Sigismond de Vajay – Unreachable Empires
Sigismond de Vajay
Unreachable Empires
13.04.13 → 01.06.13
For this occasion, the artist displays two installations/objects and twenty drawings from the series entitled Unreachable Empires, a group of ninety-nine drawings that will appear in a book with the same name at the end of 2013. After his previous series, Nouveaux Désastres, also the subject of a publication, Vajay describes a solemn and gloomy world where he subtlety and poetically depicts social differences and irregularities, authority and global control, and the systems that govern the planet.
Opaque, somber, and intriging, “La légerté de la matière” acts as a central piece: we see a black, shiny rectangle as tall as a man with smoke enclosed inside it. It functions as a a mirror, a metaphor for our world, and a contemporary allegory of the platonic cave. The carefully crafted object’s glimmering image gently confronts the dissolution of the intangible contents, creating a game of contradictions. On its pedestal, we see a bin of rubble – a universal element that evokes.
This recipiant object evades complete comprehension and interacts with the drawings as if they were close-ups or entry points. The majority of these watercolors were inspired from photographs taken by the artist or images selected from the media. They consist of arial views of rural landscapes, close-ups of beehives, images of contemporary buildings, pipelines, and even structures archiving technological evolutions. They function as figures and grids of mankind’s communicational and organizational systems of all the people and things that form our planet. A sort of impossible inventory that questions each individual position in the vast intangible group. The project proves to be poignantly pertinent in today’s globalized world where the economy, like information, is govern on a global level. This contempoary world depersonalizes the system, portraying it as a fictional entity, completely uncontrolable and unattainable. Sigismond de Vajay’s work treats the byproduct of this abstract and monsterous machine: numbers. They appear in the quanity of figures that make up a certain drawing or his serial approach to production.

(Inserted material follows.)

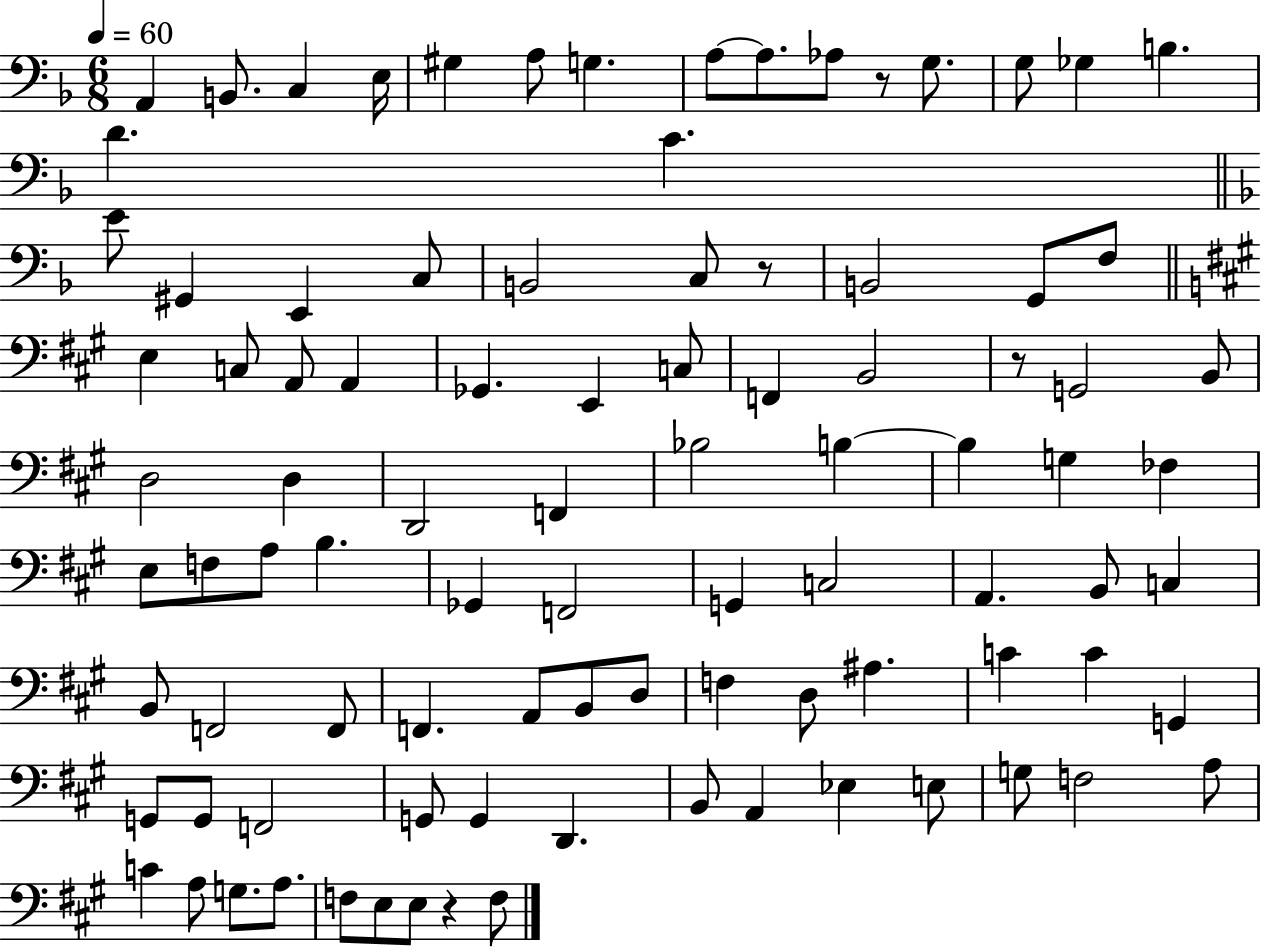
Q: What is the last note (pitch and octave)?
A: F3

Creating a disenchanted gaze, the artworks’ subjects endlessly vasillate between the human form and machine, between the individual and the mass, in an uncertain and destablalizing movement. All the productions of this protean artist, curator, and editor, have a distopian aestetic in common. In Sigismond de Vajay’s artworks, beauty stems from our decadence and allows us to question the very notion of modernist progress. “Axis Mundi” is a sculpture fromed from rubbish bins which interlock in order to vertically unfold in the space like a fragile guardian precariously balancing on his feet. Through humor and mockery and the most efficent use of symbolism, the artist employs one of the pricipal tools of modernist invention that deligates our contemporary society to a state of ruin.